News January 05, 2023
ASI Orlando 2023: Make Your Sales Strategy ‘Bulletproof’
Author, speaker and sales consultant Shawn Rhodes delivered an impactful keynote address to show attendees.
At age 17, Shawn Rhodes was perilously close to not having a place to live when he got a phone call from the Marines offering a once-in-a-lifetime opportunity: Join the service branch, which would pay for his education and travel, and see the world while defending the United States.
Rhodes said no thanks and hung up.
But the tenacious recruiter called back immediately, reiterating his proposition. Rhodes was skeptical, but agreed to talk to him in person at a McDonald’s in rural North Carolina – little did he know this meeting would change his life.
There are two types of people, the recruiter told Rhodes in the middle of the fast-food restaurant: those who see their goals across the metaphorical river and spend their whole lives looking for an easy and safe way to cross the water to reach them and those who just dive in. “The Marines dive in,” he said. “Which do you want to be?”
As a Marine, Rhodes traveled to nearly 25 countries and studied what makes a solid battlefield strategy – these lessons work for sales reps too, and they’ve become the basis for his Tampa, FL-based sales consultancy Bulletproof Selling.
“You have a lot in common with Marines,” he told attendees in Orlando. “You have goals and track conversion rates. So do they. Your limbic system reacts similarly to stressful situations, like making sales calls to tough prospects. But sales reps often hope they’ll know what to do in the moment. You have to turn hope into certainty.”
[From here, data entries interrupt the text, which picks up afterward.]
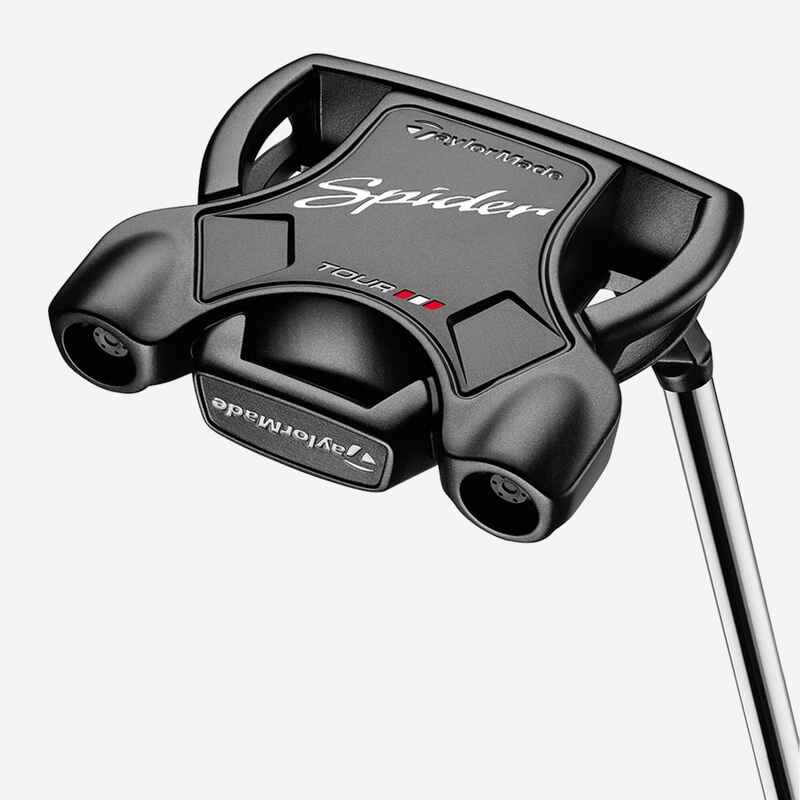 Golf Putter 34'' Face-Balanced Taylormade Spider Tour Rechtshand schwarz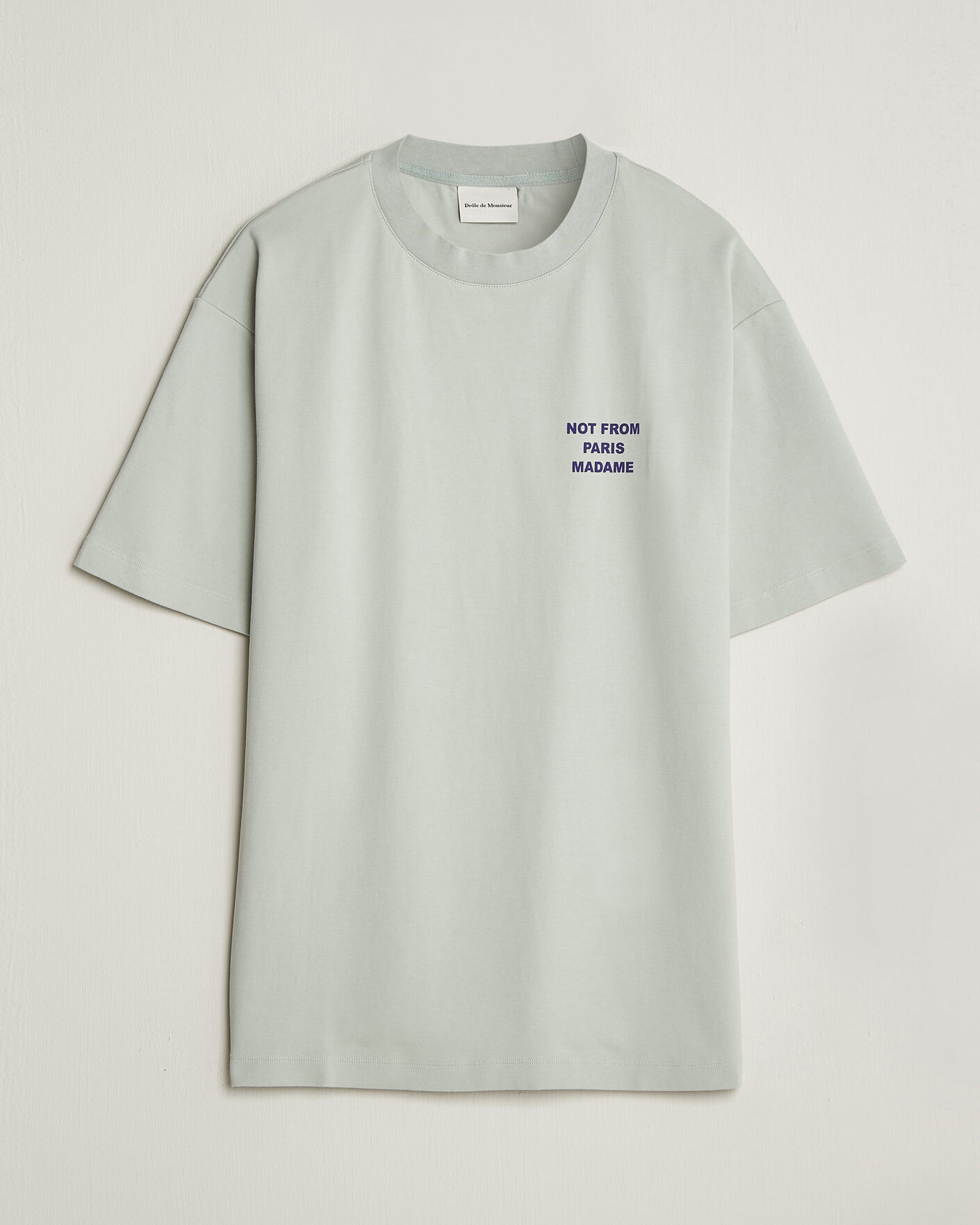 Herre | T-Shirts | Drôle de Monsieur | Bold Slogan T-Shirt Grey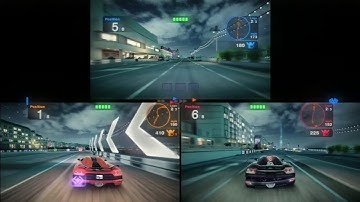 Blur 4 player split screen gameplay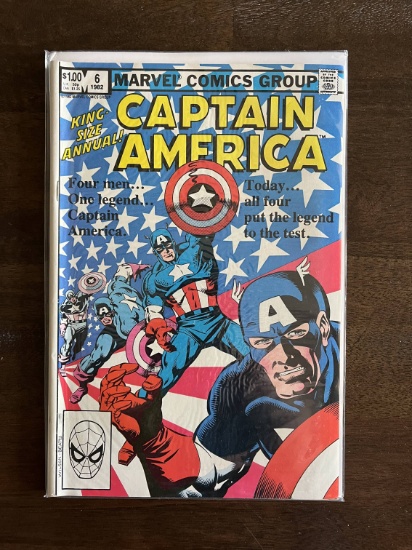 Captain America Annual #6 Comic Marvel Bronze Age 1982 King Size Four Captain America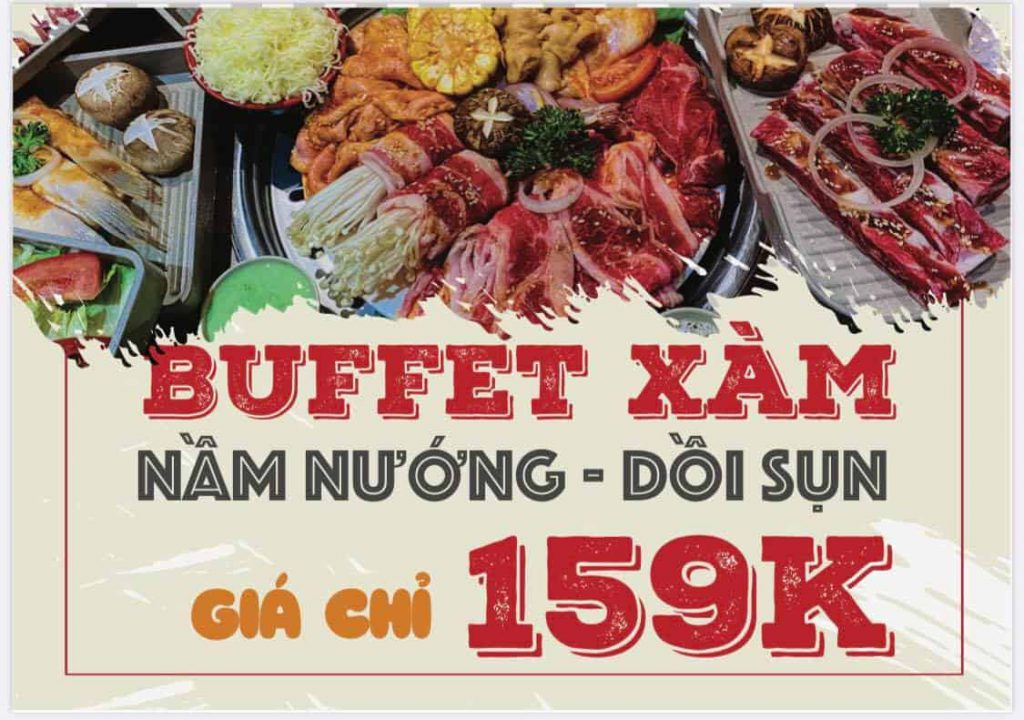 Giá buffet xàm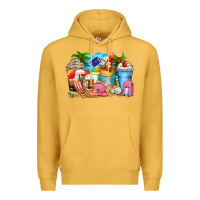 Mustard travel coffee cups Premium Hoodie - Zillion Design Studio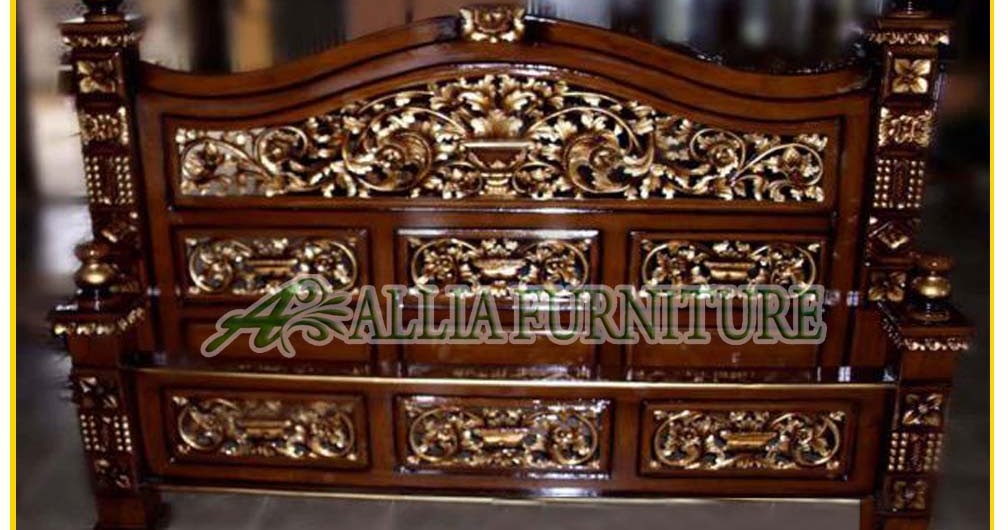 Tempat Tidur Ukiran Jati Rahwana Ratu Allia Furniture Tempat Tidur Ukiran Jati Rahwana Ratu Allia Furniture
Begin with a mission that’s service-focused. First and foremost, the goal of sales reps shouldn’t be to make money for themselves (which is still important), but to solve clients’ problems so they can reach their objectives more quickly and efficiently. Become their preferred provider of promo products by making it about them, said Rhodes. And that requires a plan and a strategy, not just hoping you’ll know what to say.
“Hope is not a sales strategy,” said Rhodes. “You’re relying on hope more than you think you are. If you just hope, you might not make the sale. And don’t just think that making more phone calls will mean more sales.”
Using his extensive knowledge of battlefield tactics, Rhodes walked attendees through creating a bulletproof strategy. First, build out a target package. That means making sure key information is gleaned early from your prospect – important data such as decision timeframe, the type of work they do, the decision-maker’s name and title, past positive or negative experiences with promo, anticipated budget, risk tolerance and more. “Too many people just hope this will all come out in conversation,” said Rhodes.
Next, set your mission objectives. This is an opportunity to be creative; if all you’re doing is trying to remember to ask all the relevant questions from the first phase, you can’t be as innovative in your conversation with a prospect. “Your primary objective should be to solve a problem,” he said. “It can’t just be to sell, because you’ll go through phases in business where you aren’t selling. Establish secondary objectives like having a conversation, qualifying them and learning their mission – those are also successes.”
Finally, debrief after the call – examine your own performance, the status of your prospect and how your company addresses prospects’ needs, and capture both successes and areas for improvement.
“To be bulletproof is to be dedicated to being better tomorrow than you are today,” said Rhodes. “Practice until you can’t get it wrong. Sell because you get to, not because you have to. When we’re willing to change ourselves, we can change the world.”